3.5.2. ConvAttnMixer

A ConvAttnMixer block serves as the bridge to unite convolutional processing with attention mechanisms through the following components:

The depthwise separable convolution operates with a $k \times k$ filter to maintain spatial bias;
Token normalization is performed through LayerNorm;
The feedforward module performs point-wise operations to enhance cross-channel interactions.

3.5.3. Attention Blocks

The later blocks of the network employ MHSA with scaled dot-product attention, which produces outputs that are projected and then passed through dropout. These blocks refine the feature representations globally and benefit from the reduced spatial resolution obtained in prior stages. We keep these blocks as in [25], having the same attention heads as well.

Windowed Processing. Attention memory usage decreases through the implementation of window partitioning with fixed dimensions w across both the vertical and horizontal axes. The process includes padding for cases when the input dimensions are not multiples of w.

X_{out} = {Block}_{d} \circ \dots \circ {Block}_{1} (WindowPartition (X)) .

3.5.4. Downsampling and Final Prediction

The feature map undergoes an optional downsampling operation through strided convolution in the first Stage 3 layer. The spatial resolution of the second and last Stage 3 layers remains intact, while it functions as an elevated context processor before moving to global pooling. Therefore, the last feature map dimension is equal to

8 * C \times H / 32 \times W / 32

.

Finally, channel-wise normalization, global average pooling, and a linear classifier produce three logits (benign, malignant, normal), with softmax yielding class probabilities.
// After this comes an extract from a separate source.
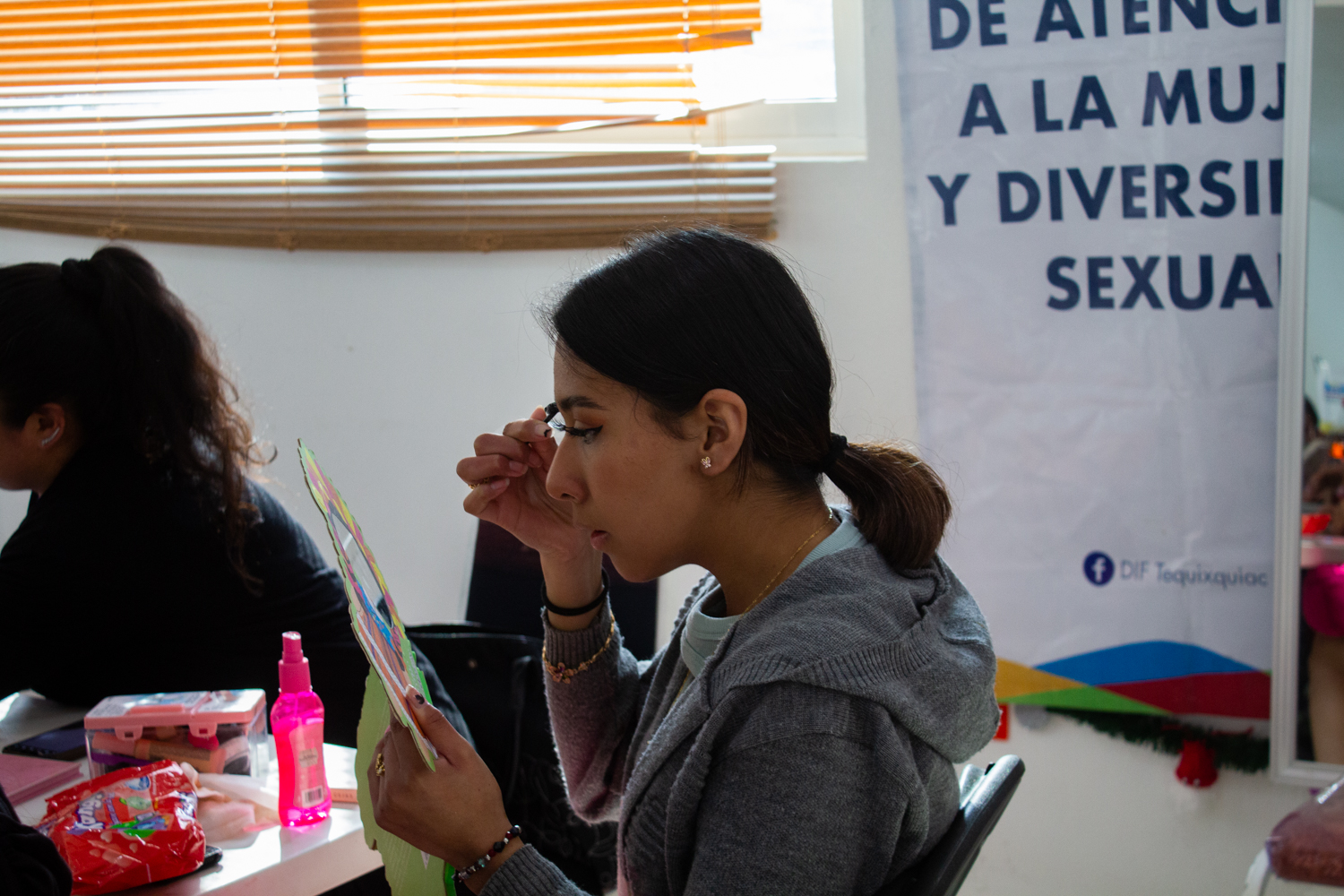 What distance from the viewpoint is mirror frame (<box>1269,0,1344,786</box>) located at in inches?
71.9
Putting it all together, the UltraScanNet architecture can be seen in Figure 5.

4. Experimental Setup

4.1. Datasets

The evaluation of UltraScanNet is performed on BUSI [18], which is a public breast ultrasound dataset that contains 780 grayscale images that are labeled as benign, malignant, or normal. The BUSI dataset’s images naturally contain varying levels of speckle noise; therefore, the proposed method and the evaluation results inherently consider the model’s robustness to this.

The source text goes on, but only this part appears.